Task goal:
Give the listing again exactly, omitting its images.

Records shown:
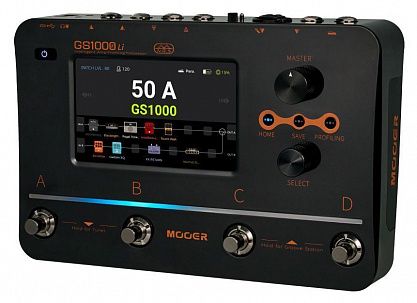 Гитарный процессор Mooer GS1000-Li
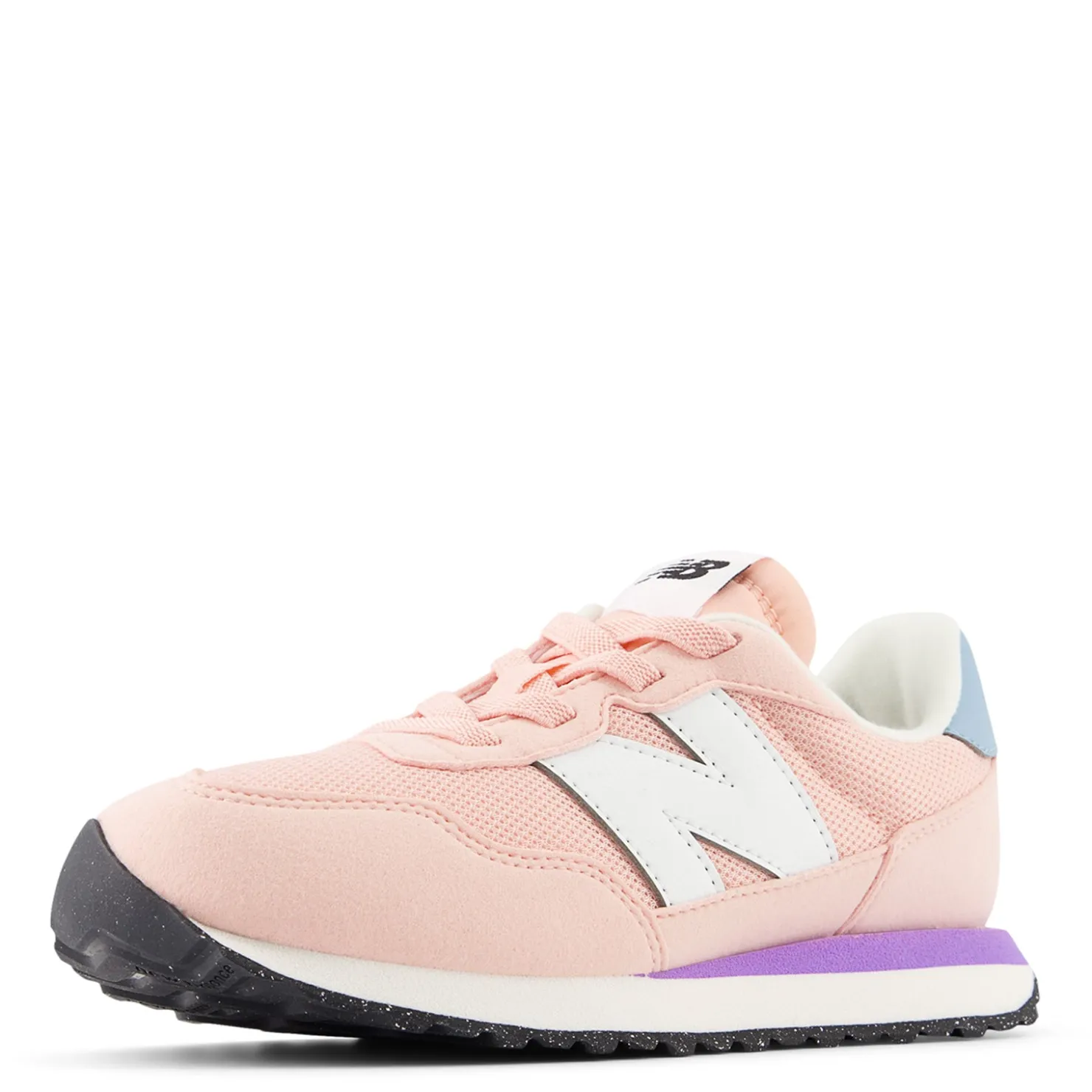 Sneakers & Athletic*New Balance Girl's , 237 Sneaker – Little Kid Pink/Violet Crush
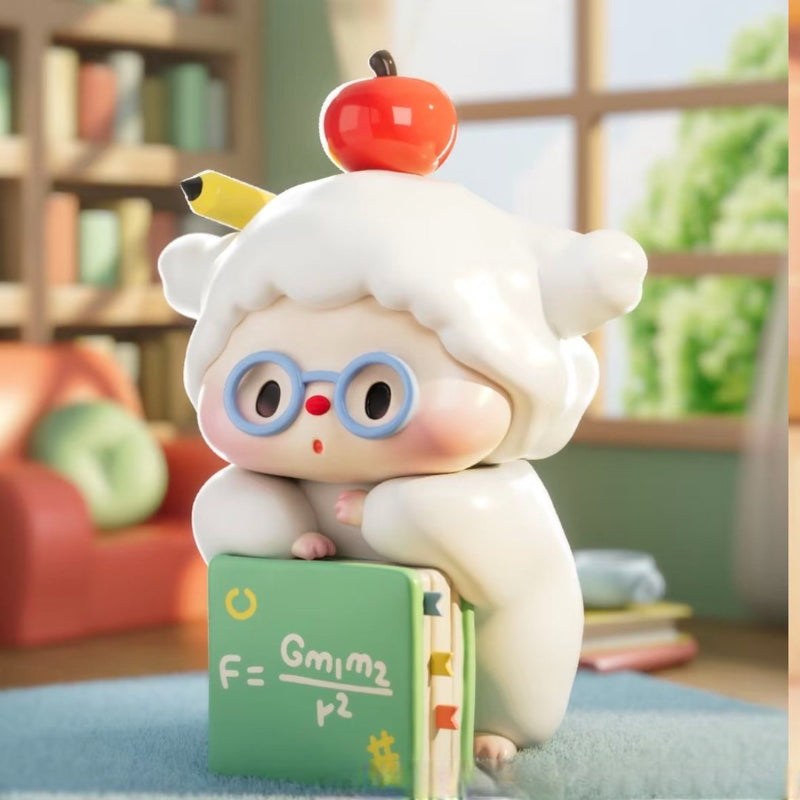 homebody diary Series Blind Box Figures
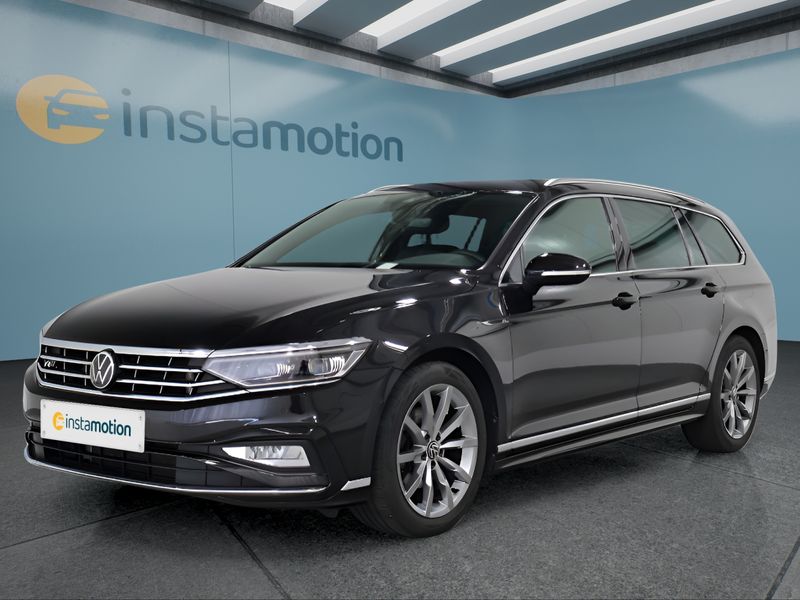 Volkswagen Passat 147 kW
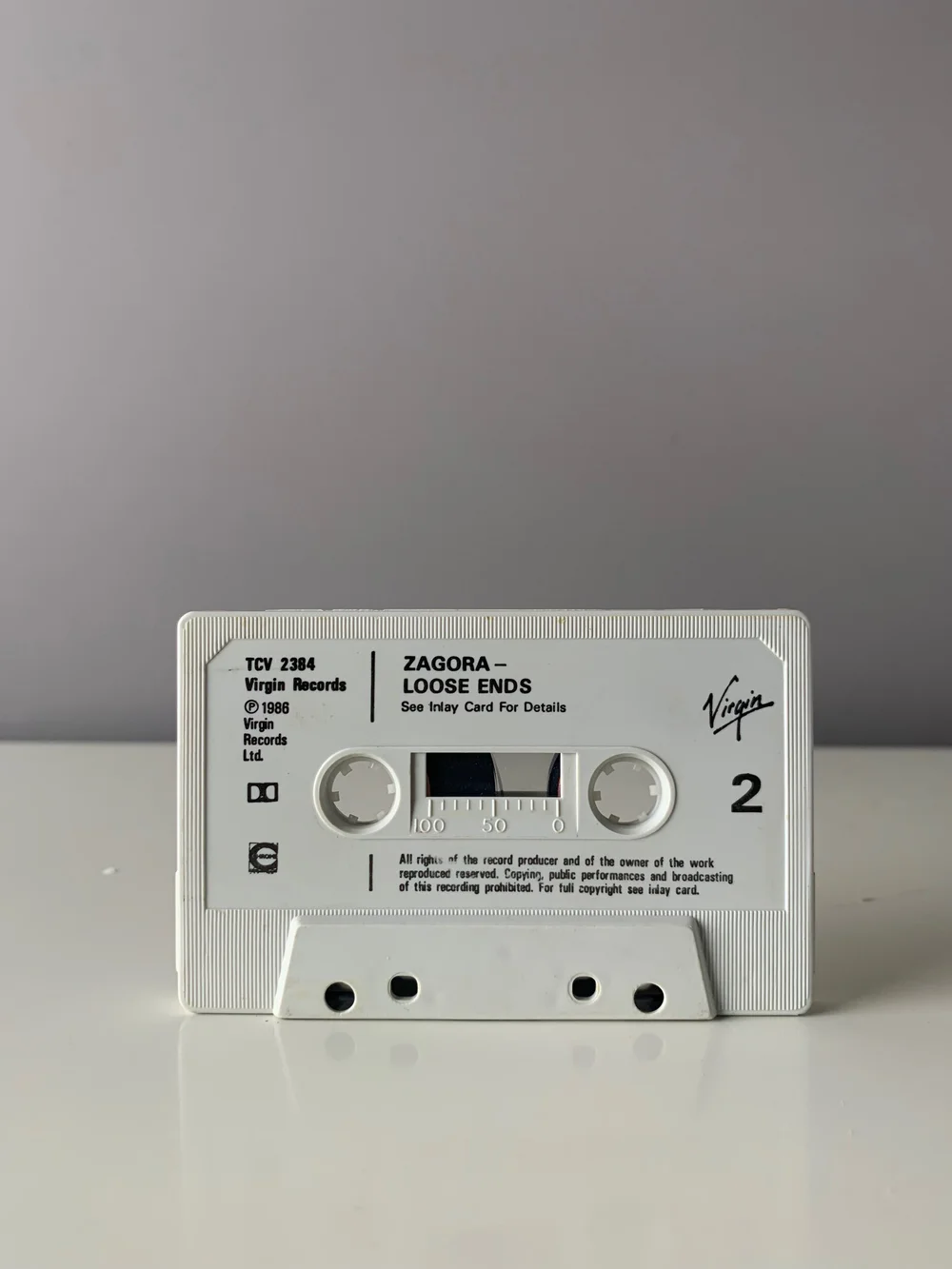 Hysteria［カセット］ Hysteria - Spectrum Computing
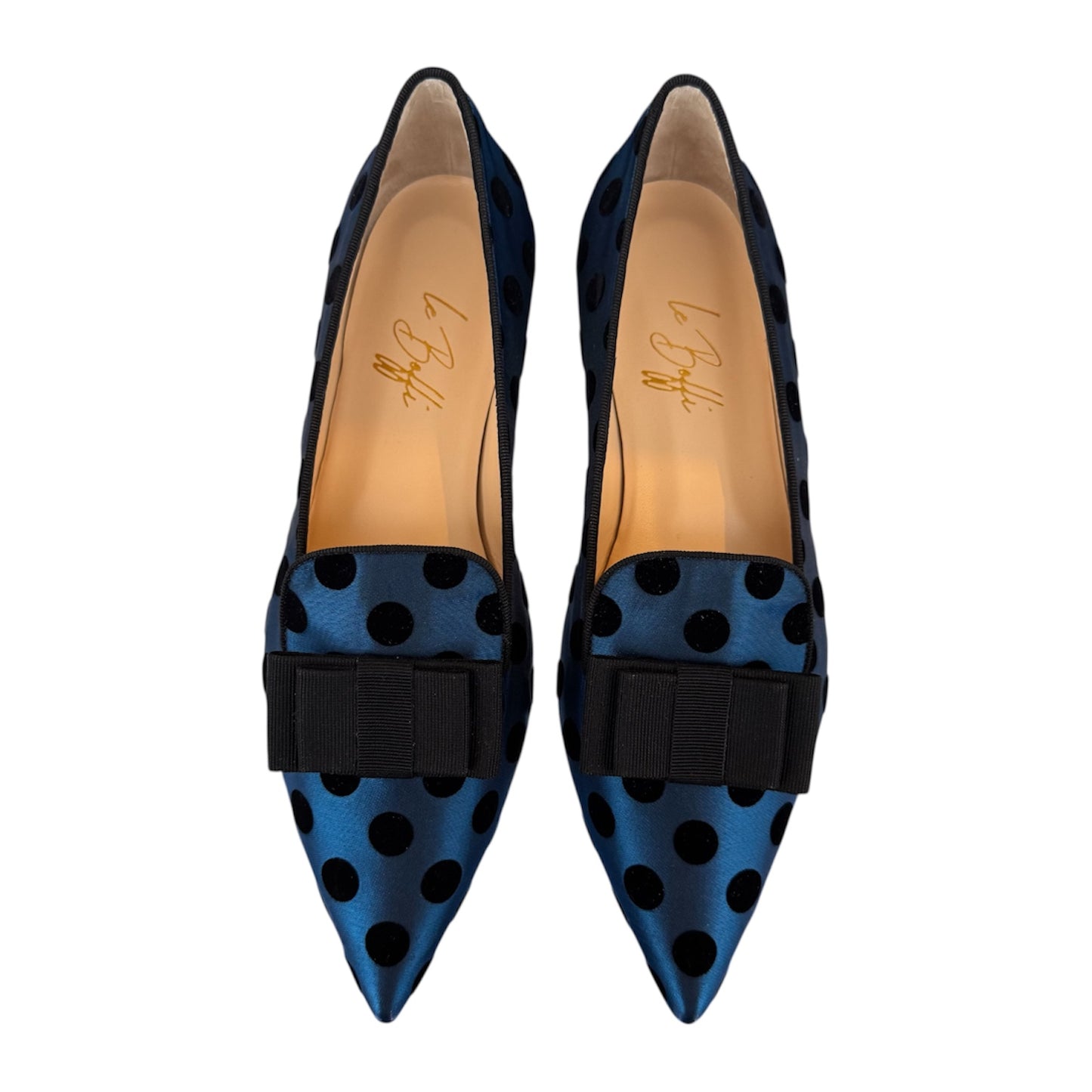 Isabella tessuto pois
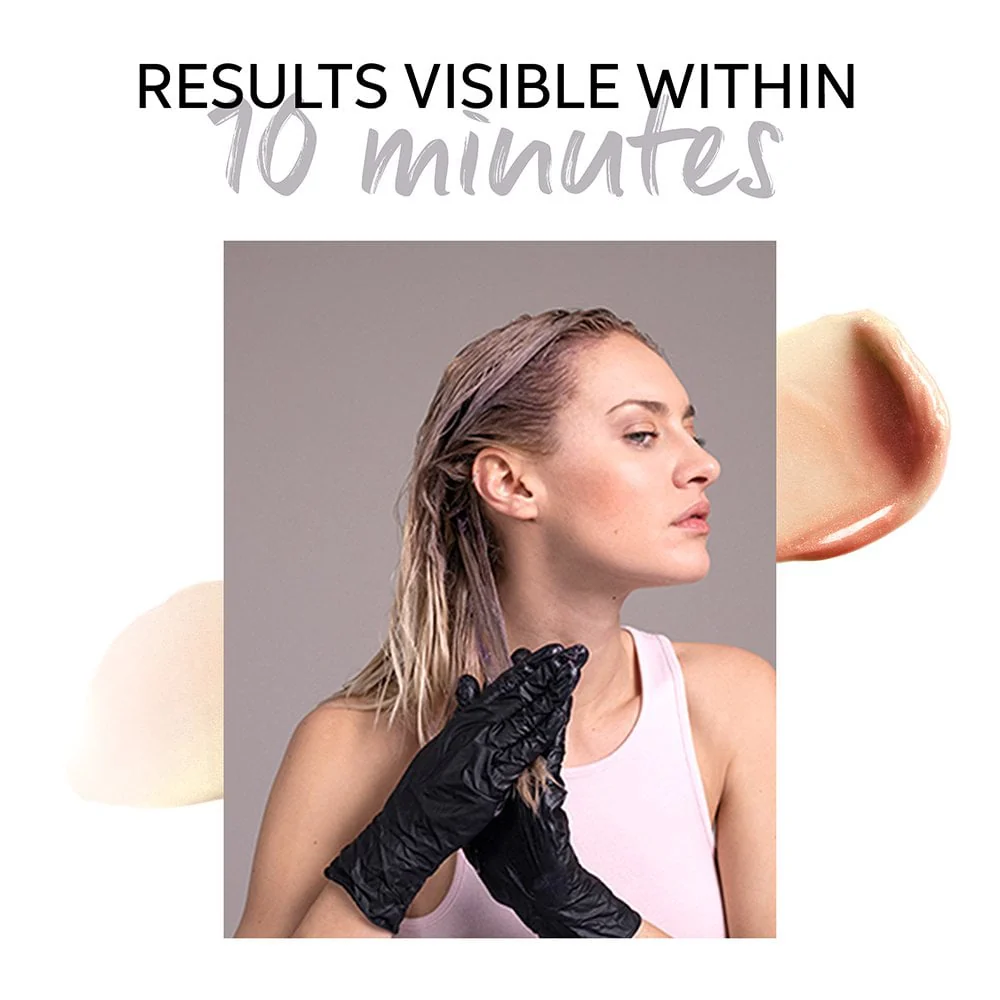 Wella Professionals Colour Fresh Mask Peach Blush 150ml - Image 6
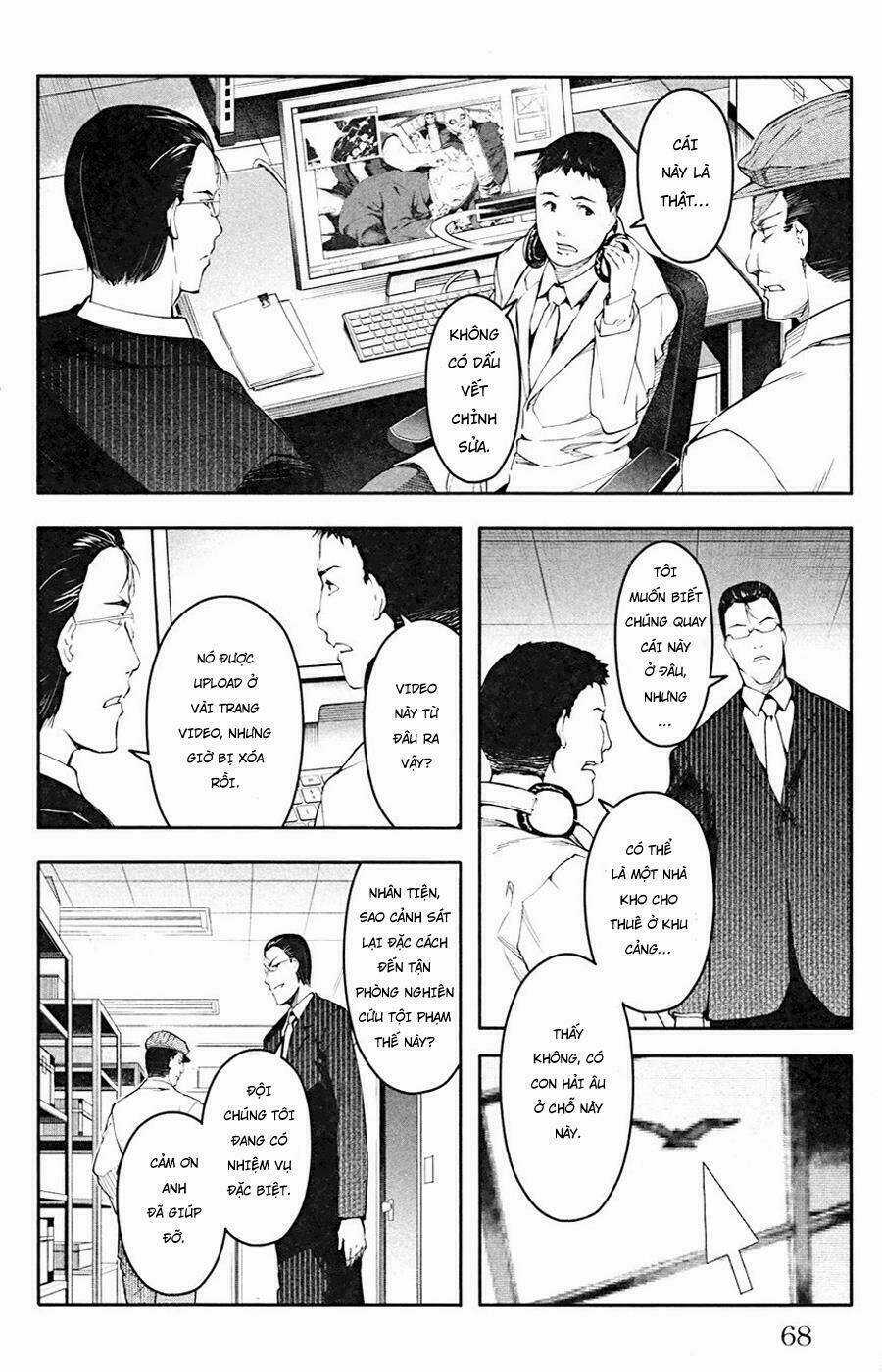 Darwins Game - Chapter 26 - Trang 19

Written reply:
 Гитарный процессор Mooer GS1000-Li
 Sneakers & Athletic*New Balance Girl's , 237 Sneaker – Little Kid Pink/Violet Crush
 homebody diary Series Blind Box Figures
 Volkswagen Passat 147 kW
 Hysteria［カセット］ Hysteria - Spectrum Computing
 Isabella tessuto pois
 Wella Professionals Colour Fresh Mask Peach Blush 150ml - Image 6
 Darwins Game - Chapter 26 - Trang 19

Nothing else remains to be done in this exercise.